The "old" economics is a unidimensional, consumptive science. There is nothing within economic theory that reflects human values in terms other than people as consumers or as producers of goods for consumption. Society, the environment, and even preferences for non-consumption goods are considered as external to the economic decision making process. Economic decisions concern the allocation of resources among consumptive uses. Consumer tastes and preferences, societal restrictions or regulations, and environmental constraints are all taken as given. Generation of human satisfaction through social interactions and through resource stewardship is beyond the scope of the "old" economics.

The "old" economics is a science for managing scarcity. Resources have no "economic" value unless or until they become scarce. Economics provides no guidance in the use of vital resources, such as air and water, until they are degraded in quantity and quality to a point were they become scarce. For example, direct payments for water are mostly payments for the convenience of having water when and where we want it. Historically, economics allocated the use of convenience but not use of the water. Drinking water was free to be wasted -- it had no economic value -- until it was polluted and thus became scarce.

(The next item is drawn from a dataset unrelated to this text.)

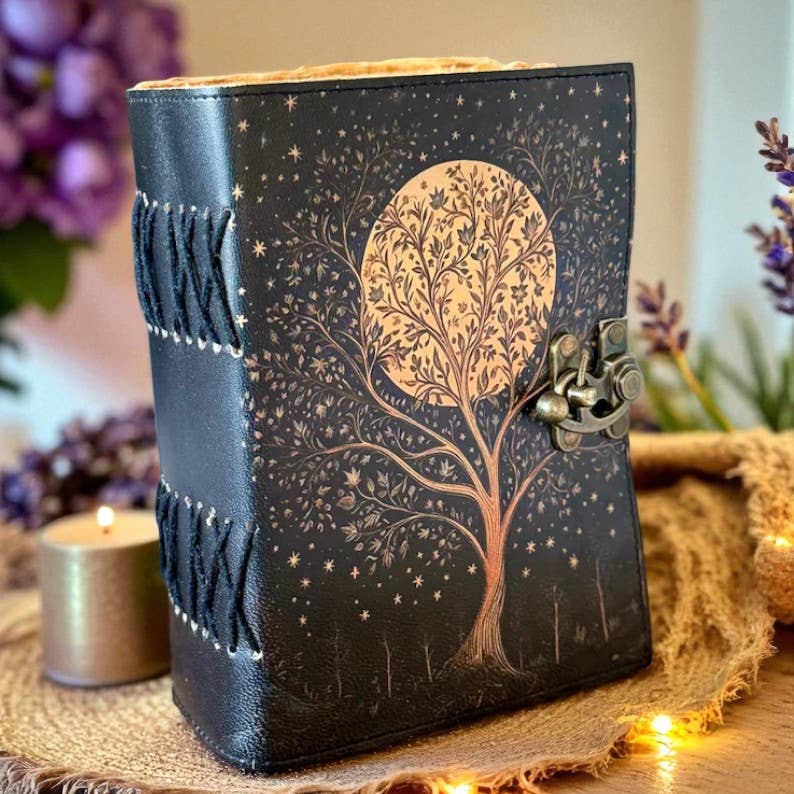 Leatherooze - Venta al por mayor Diario/agenda - Diario de Grimorio de Cuero – Libro de las Sombras Árbol de la Luna1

The "old' economics is a reductionist science. It assumes a world of separability. Economic theory does not exist in the absence of the term "ceteris paribus" -- other things held constant. The most fundamental "law" of economics, diminishing marginal returns, is meaningless without the assumption of "ceteris paribus." Economics is fundamentally incapable of addressing issues of interconnectedness in a "holistic" world. In a world made up of "wholes" rather than "pieces", we cannot do one thing without affecting something else. There is no "ceteris paribus". We must learn to manage the whole rather than tinker with its parts. Perhaps the most naive "ceteris paribus" assumption in the whole of economics is: that one may manage those things called "economic" without simultaneously and unavoidably impacting those things called "social" and "spiritual" as well.

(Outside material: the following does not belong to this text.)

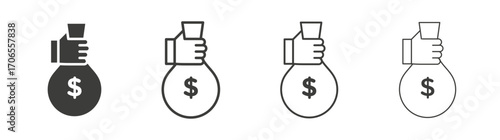 Investment icon outline vector. Thin linear logo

Finally, the "old" economics paradigm is based on times past, which are reflective neither of the present nor of the likely future. Adam Smith's economic paradigm of the "invisible hand" probably was a fairly accurate representation of how the world worked 200 years ago, and perhaps was not too bad a model until a few decades ago (see Brewster). Most economic enterprises were small, family operations. Land, labor, capital, and management all resided in essentially the same entity. Few enterprises were large enough to have any impact on the marketplace as a whole. Price signals were clear because connections between producer and consumer were simple and often personal. Human populations were small enough and technologies were such that it seemed as if people could have little permanent impact on their natural environment. Strong cultural, moral, and social values dictated norms and standards of "acceptable" individual behavior. Under these conditions, the "invisible hand" may well have guided the pursuit of individual self-interest to the benefit of society, at least for the current generation.

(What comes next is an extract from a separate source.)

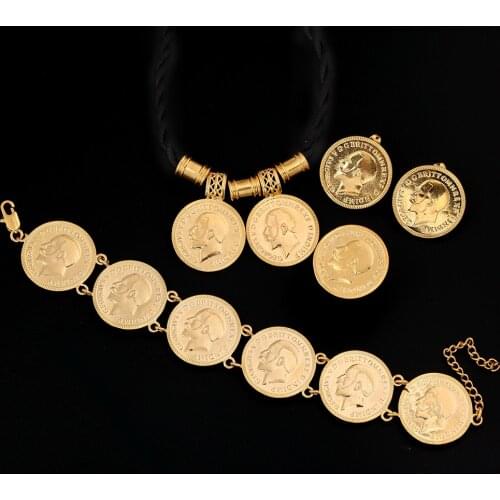 Ethiopian Coin Necklace Pendant Earrings Ring Bracelet Fashion Gold Color Coin Jewelry Sets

But the paradigm of 200 years ago holds little resemblance to the world of today. Today, most sectors of the U.S. economy, for example, are dominated by large corporate enterprises. Corporations are not only non-family but are non-human entities, regardless of the nature of their stockholders. The resources of land, labor, capital, and management are now separate, not just among households and organizations but, in many cases, among nations. No longer can one assume that people in their roles as laborers or managers will be accurately rewarded in relation to their contribution to the productivity of land and capital. Corporate profits are far larger than any concept of "normal" profit envisioned in classical economics. For example, a 1995 congressional study of the U.S. breakfast cereal industry reported corporate profits ranging from 24 to 43 percent annual returns on equity for the four largest corporations. While such profits may or may not be "sinful", they most certainly distort the allocation of resource use so as to cripple, if not amputate, Smith's "invisible hand".

Producers and consumers have become disconnected, geographically and conceptually, as a consequence of specialization, mechanization, and development of complex systems of mass production and distribution. Consumers no longer have any personal knowledge of where their products come from or of who is involved in their production. They must rely on a complex set of standards, rules, and regulations to ensure that performance of a good or service will be consistent with some minimum expectations formed at the time of purchase. Today's advertising consists of "disinformation" by design. Most people involved in current production processes, including dispassionate stockholders, have little individual control over the ability of final products to meet consumers' expectations nor are they committed to the long term success of the economic enterprises in which they invest. They expect to shift their investments and employment with shifts in a company's ability to generate profits and growth.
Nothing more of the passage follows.